ATP and WTA officials are expected to meet on the sidelines of the Madrid Open next week to discuss their response to the crisis.
As the Grand Slam tournaments are autonomous, possible sanctions by the ATP and the WTA could include a refusal to award ranking points from Wimbledon, which is scheduled to take place from June 27 to July 10.
That could reduce Wimbledon to a high-profile exhibition event.
The ATP does not seem inclined to take legal action, while according to French daily L’Equipe, which obtained an email sent by the WTA to its players, the body is studying “the actions that you (the players) could take according to the Grand Slam regulations.”
“I do think that you’ll see some strong reactions that will come from us but what those are and how far they’ll go is still to be determined,” Simon told The Tennis Podcast over the weekend.

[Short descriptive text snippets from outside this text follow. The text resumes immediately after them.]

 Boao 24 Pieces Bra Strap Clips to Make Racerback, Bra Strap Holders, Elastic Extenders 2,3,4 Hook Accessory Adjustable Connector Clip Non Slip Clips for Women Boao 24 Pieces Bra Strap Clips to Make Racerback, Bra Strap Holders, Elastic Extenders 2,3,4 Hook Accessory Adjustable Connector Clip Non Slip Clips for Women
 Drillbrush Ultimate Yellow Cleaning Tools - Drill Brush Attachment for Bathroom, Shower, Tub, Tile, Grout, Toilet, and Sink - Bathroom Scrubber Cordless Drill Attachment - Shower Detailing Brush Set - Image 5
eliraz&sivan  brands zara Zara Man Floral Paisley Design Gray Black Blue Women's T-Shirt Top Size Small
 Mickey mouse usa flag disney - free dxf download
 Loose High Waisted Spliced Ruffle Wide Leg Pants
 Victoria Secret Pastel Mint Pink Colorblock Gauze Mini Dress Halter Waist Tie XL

“We don’t have the same jurisdiction over the Grand Slams as we do over our own sanctioned events.”
There are three potential avenues of action, according to Tatiana Vassine, a lawyer in sports law.

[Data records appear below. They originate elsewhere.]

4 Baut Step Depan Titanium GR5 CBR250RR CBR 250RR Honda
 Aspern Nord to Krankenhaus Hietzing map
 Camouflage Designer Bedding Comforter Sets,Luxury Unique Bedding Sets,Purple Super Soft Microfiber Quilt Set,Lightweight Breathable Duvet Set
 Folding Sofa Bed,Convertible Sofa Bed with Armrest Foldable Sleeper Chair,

They lie in discrimination based on nationality, an attack on the freedom to work and the right to equal treatment.
“It’s a measure which it seems applies only to tennis players — other professionals of Russian and Belarusian nationality are able to continue their professional activity on English soil,” she said.
However, she believes that Wimbledon is only at the “declaration of intent” stage.
“We must not underestimate the ‘soft power’ of sport,” she said.
The ATP and WTA have already described the ban as “unfair” and “very disappointing.”
World No. 1 Novak Djokovic said it was “crazy,” Rublev blasted the move as “complete discrimination” while the Belarus Tennis Federation believes the ban will “incite hatred.”
Wimbledon also faces the charge of double standards.
The tournament excluded German and Japanese players for several years after World War II, while South African players were allowed to play during the apartheid era.
“People take the position that sports and politics shouldn’t match and shouldn’t be intertwined, but that’s not the reality,” Simon added.
“At times sports does cross into politics and here is a situation where politics is crossing into sports. It is real life.
“The one thing that this sport has always agreed upon was that entry into our events has always been based upon merit and without discrimination.”
Rublev, who famously scribbled “No war please” on a TV camera lens at a tournament in Dubai tournament in February, suggested a more positive way forward for Wimbledon — donate prize money which last year totaled £35 million ($45.6 million).
“Banning Russian or Belarusian players … will not change anything,” said the 24-year-old, who is No. 8 in the world rankings.
“To give all the prize money to humanitarian help, to the families who are suffering, to the kids who are suffering, I think that would do something.
“It will be Wimbledon who take all the glory.”
At the moment, players representing Russia and Belarus are allowed to take part in ATP and WTA events but are barred from competing under the name or flag of their countries.
Their national teams have, however, been banished from the Davis Cup and BJK Cup competitions.
Some Ukraine players have not been convinced by opposition to the Wimbledon ban.
“That man is not interested in what is happening in his own country,” tweeted Lesia Tsurenko, a former top 25 player, in response to Rublev’s accusations of discrimination.
“He also is not interested in what is happening in the neighboring country. What an abyss between our states and people, that I have not noticed for so long! I so regret it. I was blind.”